Нельзя согласиться и со вторым аргументом - мыслью, что будто бы обязательность практики ЕСПЧ для украинских судов вытекает из ст.17 Закона Украины «О выполнении решений и применении практики Европейского суда по правам человека», где сказано, что суды применяют при рассмотрении дел, в частности, практику Суда как источник права (эта мысль высказывается иногда и авторами, которые негативно относятся к идее насаждения такой обязательности [15, с.9]). Это вытекает уже из того, что, как сказано выше, одним из источников права является устоявшаяся судебная практика, т.е. понятие источника права и понятие устоявшейся судебной практики соотносятся как родовое и видовое. Поскольку континентальный прецедент не предусматривает обязательности, то и отнесение того или иного правового феномена к источникам права не означает автоматически, что он предусматривает обязательность. Приведенное положение Закона не создает регулирования, а потому не является нормой, а является теоретическим выводом (хотя и правильным, на мой взгляд), которому место не в законе, а в учебнике. Поэтому включение этого положения в Закон является ничем иным, как юридико-технической ошибкой [16, с.124], не более того.

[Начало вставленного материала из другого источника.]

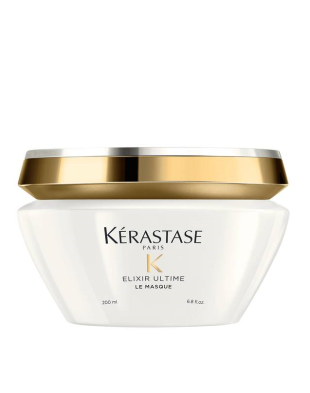 Kérastase Masque Elixir Ultime 
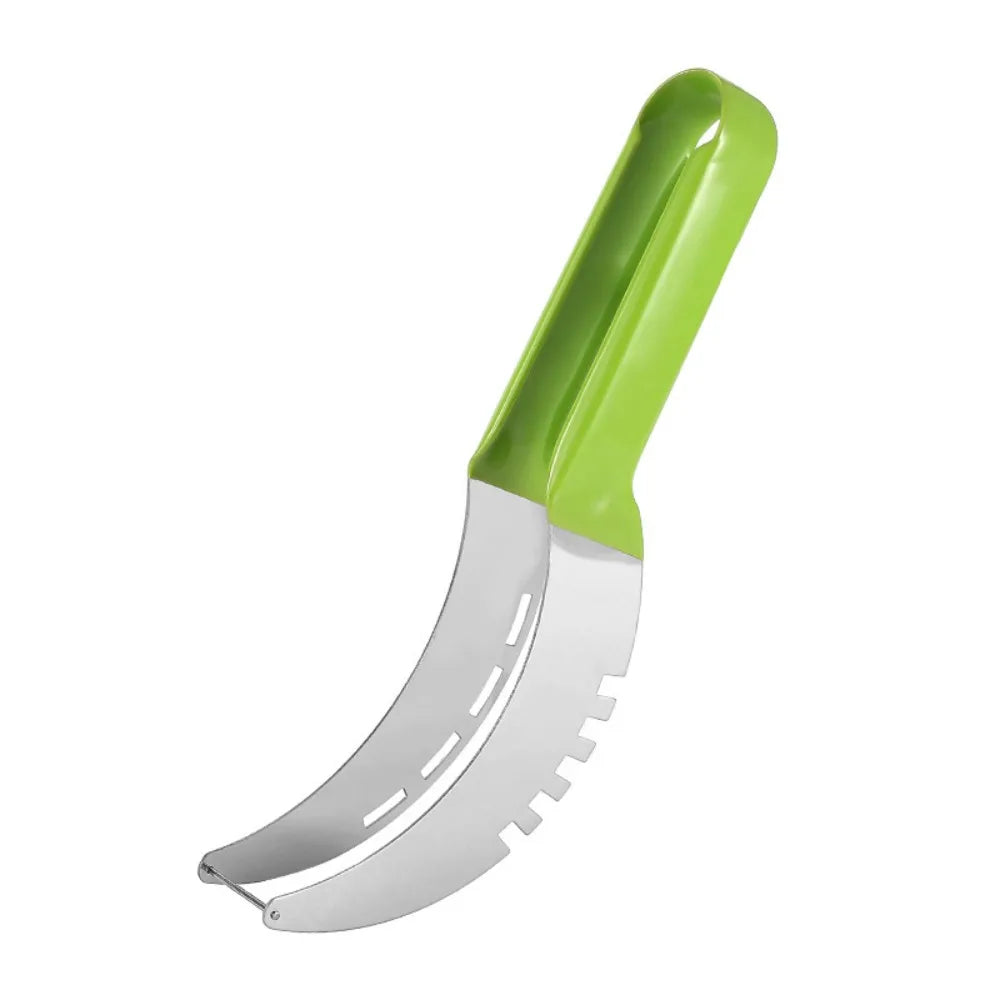 Steel Watermelon Slicer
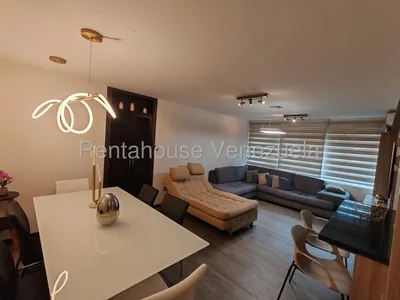 Apartamento en venta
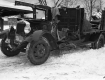Fatal car accident at No. Ferrisburgh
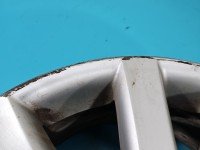 Felga aluminiowa 19" komplet alufelgi felgi Vw Touareg I 7L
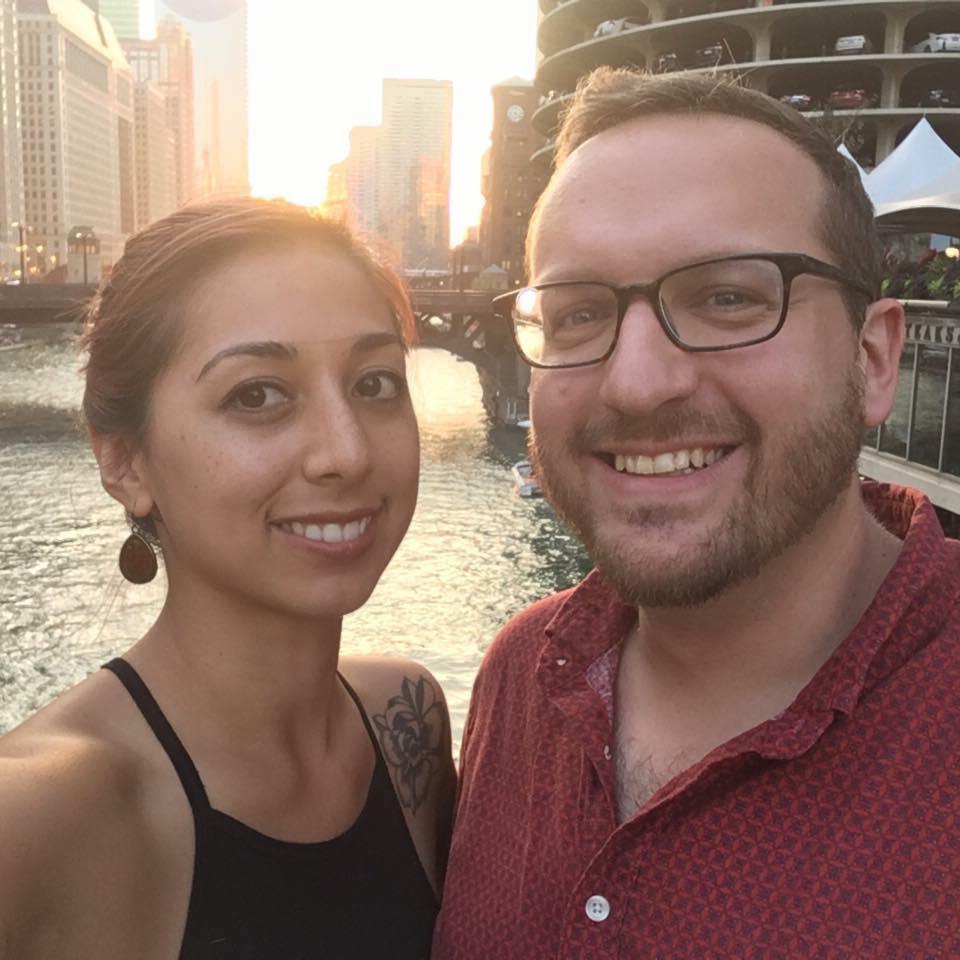 Going to Chicago to see Company of Thieves.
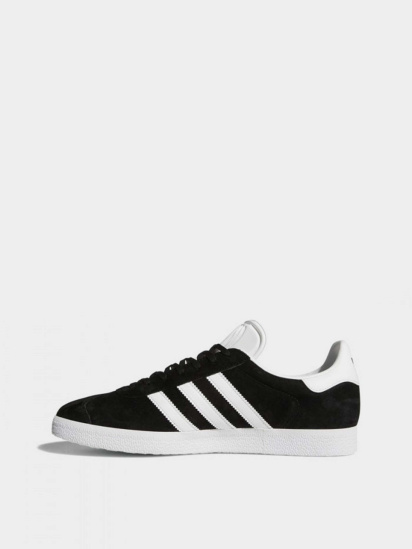 Кеди низькі adidas Gazelle модель BB5476 — фото - INTERTOP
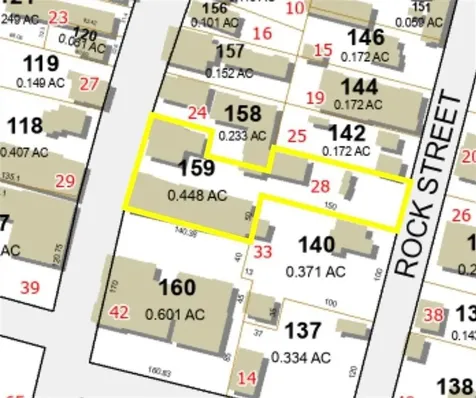 32 Main Road Tiverton RI 02878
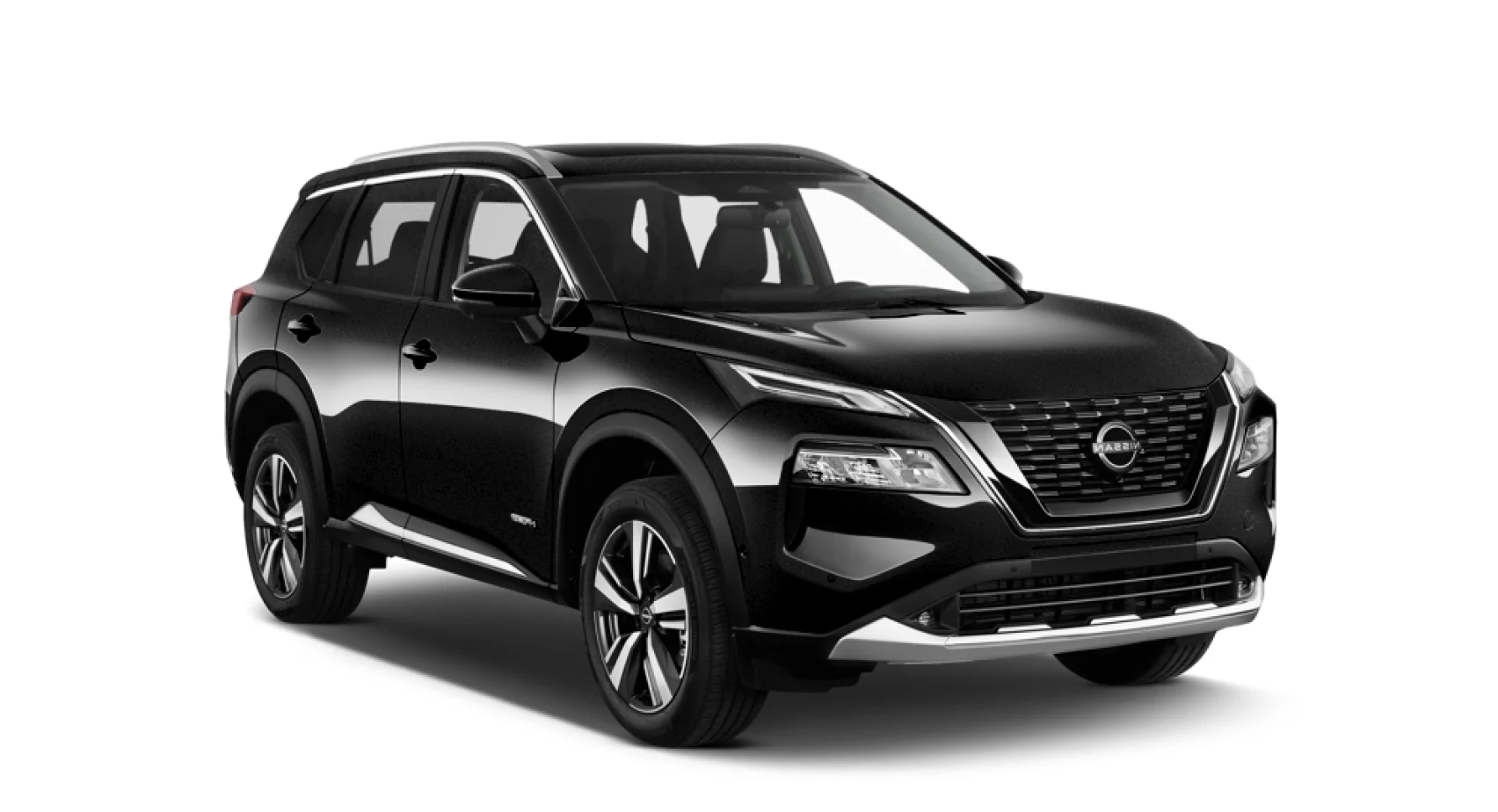 Nissan-XTRAIL-front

Иногда можно услышать и мнение о том, что обязательность практики ЕСПЧ для украинских судов вытекает из п.2 ст.237 Кодекса административного судопроизводства Украины и аналогичных положений других процессуальных кодексов, где сказано, что судебные решения могут быть пересмотрены ВСУ ввиду исключительных обстоятельств, если они обжалованы по мотивам признания судебных решений международным судебным учреждением, юрисдикция которого признана Украиной, нарушающими международные обязательства Украины. В то же время, во-первых, наличие такого основания для пересмотра судебных решений еще не означает обязанности ВСУ следовать прецедентам ЕСПЧ, а лишь предусматривает возможность ВСУ пересмотреть свое решение, если он найдет это необходимым. Во-вторых, на мой взгляд, указанные положения процессуальных кодексов вообще не могут применяться, поскольку ЕСПЧ не признает судебных решений нарушающими международные обязательства Украины, вместо этого он признает нарушение Конвенции государством Украина. Заслуживает внимания и мнение А. М. Мирошниченко[1] о том, что решая дело (в т.ч. и вопрос о «справедливом возмещении»), ЕСПЧ во многих случаях окончательно и полно решает вопрос о защите нарушенного права, и дальнейшее вмешательство национального суда в таких случаях не является необходимым.

Надо отдать должное Верховному Суду Украины (ВСУ): он, похоже, относится к прецедентной практике ЕСПЧ как к не обязательной для судов. Об этом свидетельствует реакция ВСУ на решение ЕСПЧ по делу "Сокуренко и Стригун против Украины» от 20.07.2006 г. и «Веритас против Украины» от 13.11.2008 г.

В первом из этих дел ЕСПЧ отметил, что согласно ст. 11118 Хозяйственного процессуального кодекса Украины (ХПК) ВСУ, отменив постановление Высшего хозяйственного суда Украины (ВХСУ), мог или вернуть дело на новое рассмотрение в нижестоящий суд, или прекратить производство по делу; вместо этого он оставил в силе постановление апелляционного суда, и такие действия не были предусмотрены ХПК. Поэтому, по мнению ЕСПЧ, ВСУ не может считаться «судом, установленным правом»[2] в значении пункта 1 статьи 6 Конвенции. К такому же выводу ЕСПЧ пришел и при рассмотрении дела «Веритас против Украины». При этом ЕСПЧ не учел ни того, что понятие «право» включает не только законы, но и их толкование, ни того, что апелляционный суд, чье решение оставлено в силе, явно является судом, установленным законом. Кроме того, как справедливо указано в особом мнении судьи Ягер (Jaeger) по делу «Сокуренко и Стригун против Украины», ЕСПЧ вышел за пределы, установленные Конвенцией. Действительно, ЕСПЧ предпринял толкование национального законодательства, причем истолковал его вопреки устоявшейся *52 практике национальной высшей судебной инстанции, что не относится к компетенции ЕСПЧ.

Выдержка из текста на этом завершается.